Dört; aslında UBP-DP Hükümeti’nin yapmaya çalıştığı “zevahiri kurtarmak”tan başka bir şey değildir.
Beş; oysa köklü çözüm ve asıl ihtiyaç, bu “statüko”nun yıkılmasıdır. Bu okulu kapatıp, bir devlet üniversitesine “öğretmen yetiştirmek” görevi vermek bana çok daha pragmatik ve “akılcı” geliyor.
Altı; ülkede bu kadar üniversite varken, ilkokullara öğretmen yetiştirilmesini bu yetersiz okulun “tekel”ine bırakmak eğitime en büyük darbedir.
Yedi; 1973’te 13 kişilik okulda öğretmen yetiştirmeye çalışan zihniyet ile, 2017’de 20 kişilik bir “getto”da öğretmen yetiştirmeye çalışan zihniyet bir arpa boyu yol almadığımızın kanıtıdır. Bugün akademide, sınıf öğretmeni yetiştirecek uzman yoktur. Bu durumda üniversitelerin kadrolarından yararlanmayı reddetmek tutuculuk değil mi?

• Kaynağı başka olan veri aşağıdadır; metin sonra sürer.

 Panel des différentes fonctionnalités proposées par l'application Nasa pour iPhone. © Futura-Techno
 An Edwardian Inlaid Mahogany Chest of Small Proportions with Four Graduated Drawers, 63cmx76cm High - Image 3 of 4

Sekiz; Atatürk Öğretmen Akademisi’nin, Türk Öğretmen Koleji’nin devamı olduğunu söylemek ve “Kıbrıslı kurumları korumak” adına statükoyu savunmak tam bir bağnazca yaklaşımdır. Şimdiki akademi, yasası ve kadro yapısı ile TÖK’nin asla devamı değildir. Bu nedenle nostaljik gerekçelerle eski bir “yapı”yı savunmak aşırı muhafazakârlıktır.

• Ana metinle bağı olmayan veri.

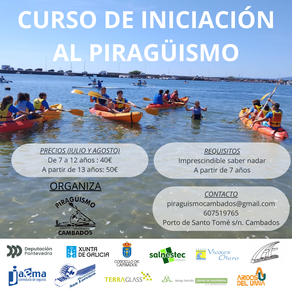 CURSO DE INICIACIÓN AL PIRAGÜISMO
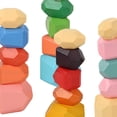 thumbnail image 3 of Piedra de de apilamiento de clasificación de , arte creativo Montessori, de apilamiento de bloques de construcción educativos 20 piezas Hugo Juguetes de bloques de apilamiento, 3 of 10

Dokuz; “Özerklik elden gidecek” deniyor. KTÖS’ün savunduğu bu yapı “özerk” de değildir. Yönetim Kurulu’nun tüm üyeleri koalisyonun Bakanlar Kurulu’nca atanır, sınavlardaki mülakatların komisyonunu Eğitim Bakanı atar. Neresi özerk?

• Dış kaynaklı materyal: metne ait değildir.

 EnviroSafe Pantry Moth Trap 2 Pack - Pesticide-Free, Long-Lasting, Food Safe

On; bu okulun kurulduğu 2000 yılından günümüze “ilköğretim”de bir üstün başarı sağladık da, onun için bu kuruma ihtiyacımız var diyemeyiz. Çünkü bu dönem ilkokullarımızın döküldüğü, eğitim kalitesinin yerlerde süründüğü bir dönem oldu. Özel ilkokullar mantar gibi bitti ve devlet okullarından müthiş bir kaçış yaşandı.
Onbir; KTÖS; ilerici bir örgüttür. “Statüko”nun devamını savunamaz. Bu okuldaki eğitim zaafiyeti ve yetersizliğini görmek ve bilimsel bir “proje” ile ortaya çıkmak zorundadır. KTÖS; bu okuldaki öğretmen ve öğrencilerin kısa vadeli çıkarlarını değil, eğitimin uzun vadeli gereklerini ve toplam kaliteyi düşünmek zorundadır.
Oniki; öğretmen yetiştirilmesinin bu biçimde “tekel”leştirilmesine en önce KTÖS karşı çıkmalıdır.
Onüç; ilkokullara öğretmen yetiştirmek ciddi bir iştir. En iyilerini seçmek, onlara en iyi eğitimi vermek ve mesleğe başlarken de, sınavla başarılı olanları tayin etmek varken, “diplomayı alan gelsin” demek popülizmdir.
Sözün kısası şu: 20 kişilik “yüksek okul” olmaz… Olursa; 1970’lerdeki bizim “Selimiye ilkokulu” gibi olur…
Nostaljik takılmalarla “kolej” savunulamaz. Bu ülkedeki lkokul öğretmenleri, doğru dürüst bir “üniversite” eğitimi almalı ve çağdışı “akademi” modeli ile kendi kendimizi kandırmamalıyız.